-- Source data follows --

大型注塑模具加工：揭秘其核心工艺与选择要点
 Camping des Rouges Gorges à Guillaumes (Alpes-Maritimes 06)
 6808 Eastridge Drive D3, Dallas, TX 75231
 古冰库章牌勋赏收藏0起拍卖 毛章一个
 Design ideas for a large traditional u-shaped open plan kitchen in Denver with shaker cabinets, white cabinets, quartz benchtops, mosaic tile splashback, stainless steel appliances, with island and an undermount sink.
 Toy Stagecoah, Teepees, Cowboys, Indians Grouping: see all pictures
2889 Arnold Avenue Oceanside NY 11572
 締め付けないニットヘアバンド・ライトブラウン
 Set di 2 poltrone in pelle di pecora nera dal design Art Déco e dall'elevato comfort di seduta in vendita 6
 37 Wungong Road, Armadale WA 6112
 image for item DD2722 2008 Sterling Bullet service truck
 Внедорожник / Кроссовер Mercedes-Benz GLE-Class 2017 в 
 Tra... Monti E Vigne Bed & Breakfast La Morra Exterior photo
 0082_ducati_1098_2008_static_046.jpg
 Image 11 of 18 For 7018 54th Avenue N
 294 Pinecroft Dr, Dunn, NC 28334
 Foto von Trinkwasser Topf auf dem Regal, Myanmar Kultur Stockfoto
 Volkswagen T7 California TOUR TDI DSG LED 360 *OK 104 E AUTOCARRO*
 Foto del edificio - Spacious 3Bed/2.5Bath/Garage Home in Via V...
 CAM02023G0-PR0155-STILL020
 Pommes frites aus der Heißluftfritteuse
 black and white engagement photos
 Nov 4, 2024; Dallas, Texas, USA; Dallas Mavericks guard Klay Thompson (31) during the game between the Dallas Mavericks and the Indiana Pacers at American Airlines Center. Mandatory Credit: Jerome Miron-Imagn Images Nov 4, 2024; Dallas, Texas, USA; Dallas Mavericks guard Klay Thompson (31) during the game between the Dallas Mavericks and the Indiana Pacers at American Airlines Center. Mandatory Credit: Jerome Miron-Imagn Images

-- Source data concluded --

## The task
Retype the portion of the data above that starts on the line with "古冰库章牌勋赏收藏0起拍卖 毛章一个" and finishes on the line with "black and white engagement photos", including both of those lines.

## Exercise answer
 古冰库章牌勋赏收藏0起拍卖 毛章一个
 Design ideas for a large traditional u-shaped open plan kitchen in Denver with shaker cabinets, white cabinets, quartz benchtops, mosaic tile splashback, stainless steel appliances, with island and an undermount sink.
 Toy Stagecoah, Teepees, Cowboys, Indians Grouping: see all pictures
2889 Arnold Avenue Oceanside NY 11572
 締め付けないニットヘアバンド・ライトブラウン
 Set di 2 poltrone in pelle di pecora nera dal design Art Déco e dall'elevato comfort di seduta in vendita 6
 37 Wungong Road, Armadale WA 6112
 image for item DD2722 2008 Sterling Bullet service truck
 Внедорожник / Кроссовер Mercedes-Benz GLE-Class 2017 в 
 Tra... Monti E Vigne Bed & Breakfast La Morra Exterior photo
 0082_ducati_1098_2008_static_046.jpg
 Image 11 of 18 For 7018 54th Avenue N
 294 Pinecroft Dr, Dunn, NC 28334
 Foto von Trinkwasser Topf auf dem Regal, Myanmar Kultur Stockfoto
 Volkswagen T7 California TOUR TDI DSG LED 360 *OK 104 E AUTOCARRO*
 Foto del edificio - Spacious 3Bed/2.5Bath/Garage Home in Via V...
 CAM02023G0-PR0155-STILL020
 Pommes frites aus der Heißluftfritteuse
 black and white engagement photos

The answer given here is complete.